**SUPPLIED ENTRIES**
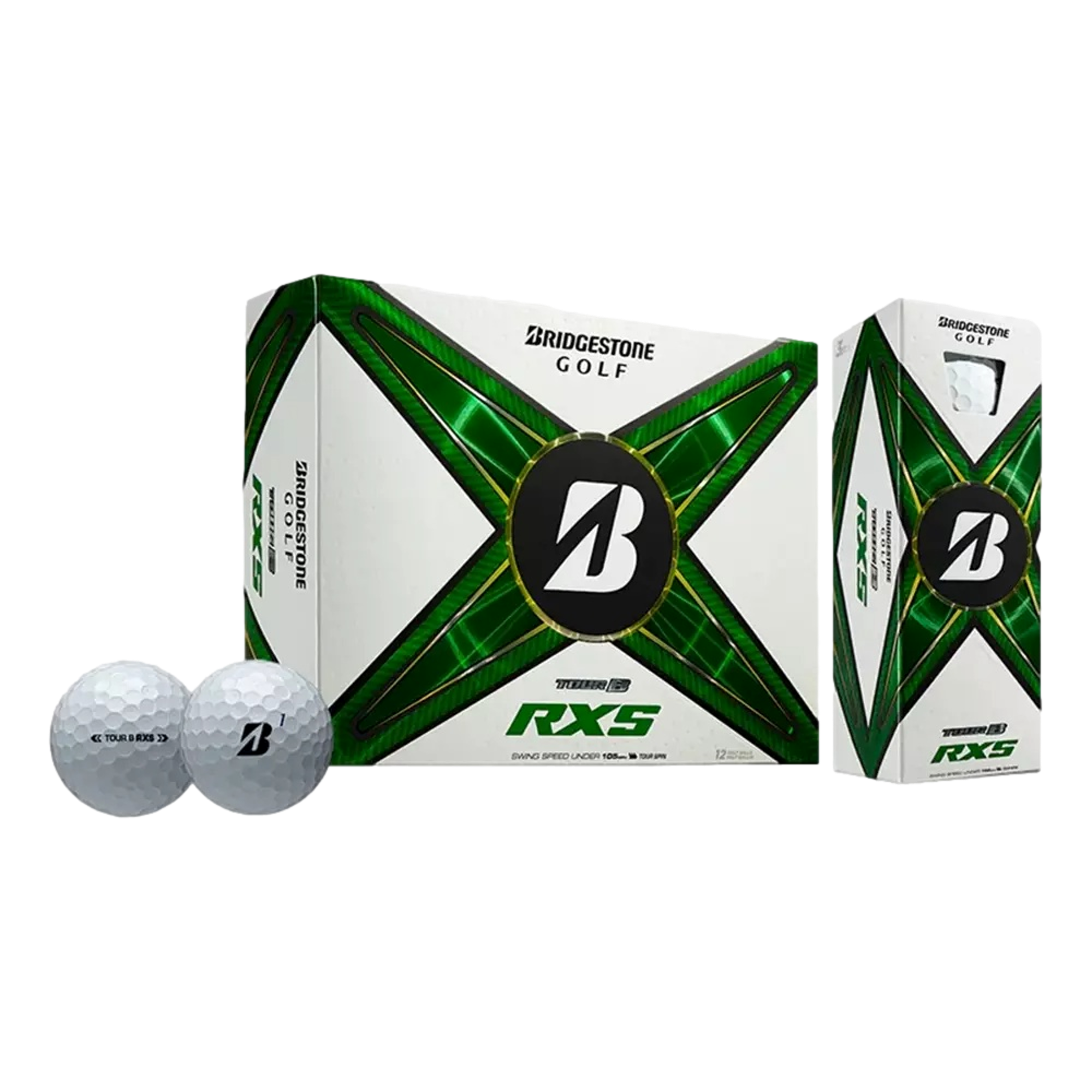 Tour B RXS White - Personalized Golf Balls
* * *
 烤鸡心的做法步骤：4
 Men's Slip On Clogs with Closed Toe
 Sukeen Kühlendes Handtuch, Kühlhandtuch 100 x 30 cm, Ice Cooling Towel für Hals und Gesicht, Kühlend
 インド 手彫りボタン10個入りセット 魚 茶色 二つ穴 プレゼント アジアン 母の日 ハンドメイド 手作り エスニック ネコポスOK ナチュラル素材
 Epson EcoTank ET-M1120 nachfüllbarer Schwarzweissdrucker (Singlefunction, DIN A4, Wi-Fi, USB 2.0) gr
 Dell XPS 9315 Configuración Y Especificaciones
--
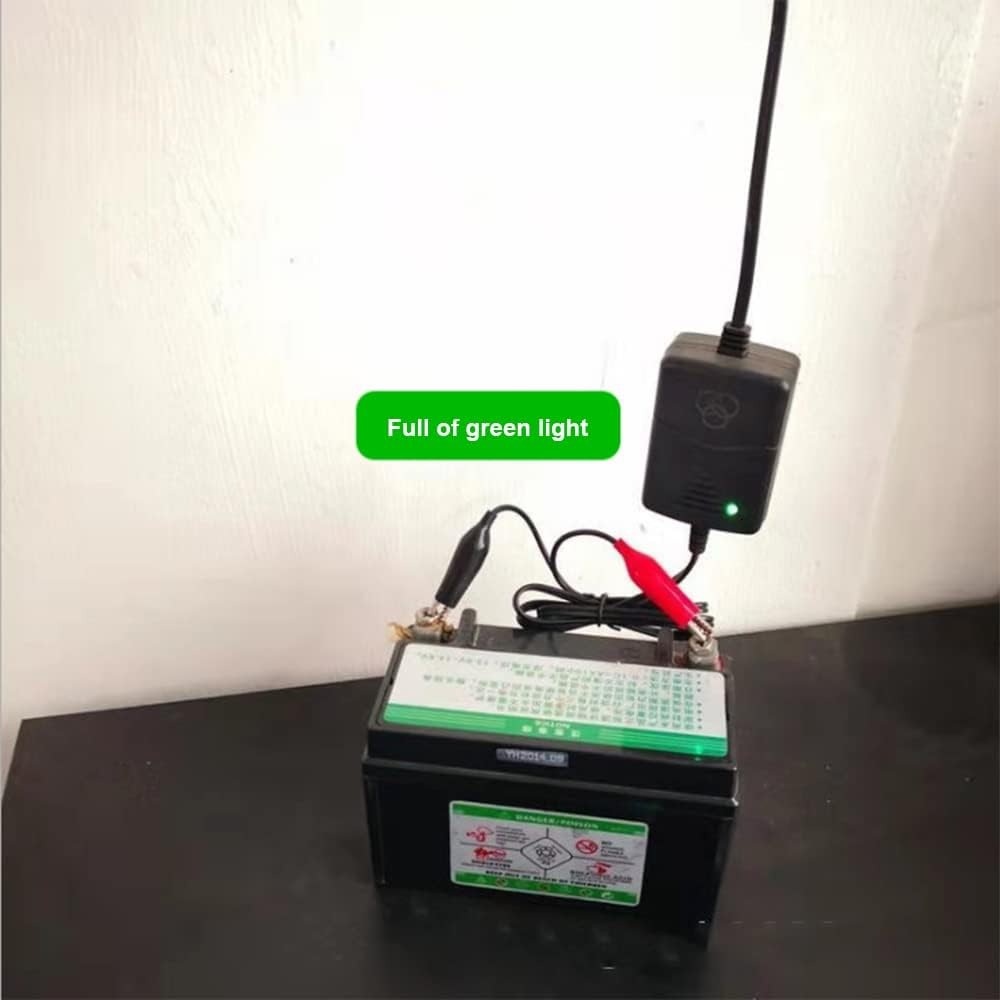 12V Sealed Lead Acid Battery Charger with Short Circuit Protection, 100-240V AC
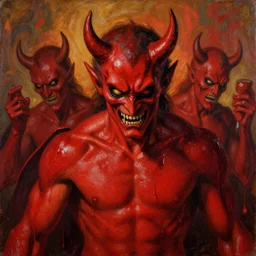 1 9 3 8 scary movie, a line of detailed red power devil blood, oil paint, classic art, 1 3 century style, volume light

**EXERCISE BRIEF**
Only the lines above from the one with "Men's Slip On Clogs with Closed Toe" up to and including the one with "インド 手彫りボタン10個入りセット 魚" should be repeated, exactly as written.

**RESPONSE BELOW**
 Men's Slip On Clogs with Closed Toe
 Sukeen Kühlendes Handtuch, Kühlhandtuch 100 x 30 cm, Ice Cooling Towel für Hals und Gesicht, Kühlend
 インド 手彫りボタン10個入りセット 魚 茶色 二つ穴 プレゼント アジアン 母の日 ハンドメイド 手作り エスニック ネコポスOK ナチュラル素材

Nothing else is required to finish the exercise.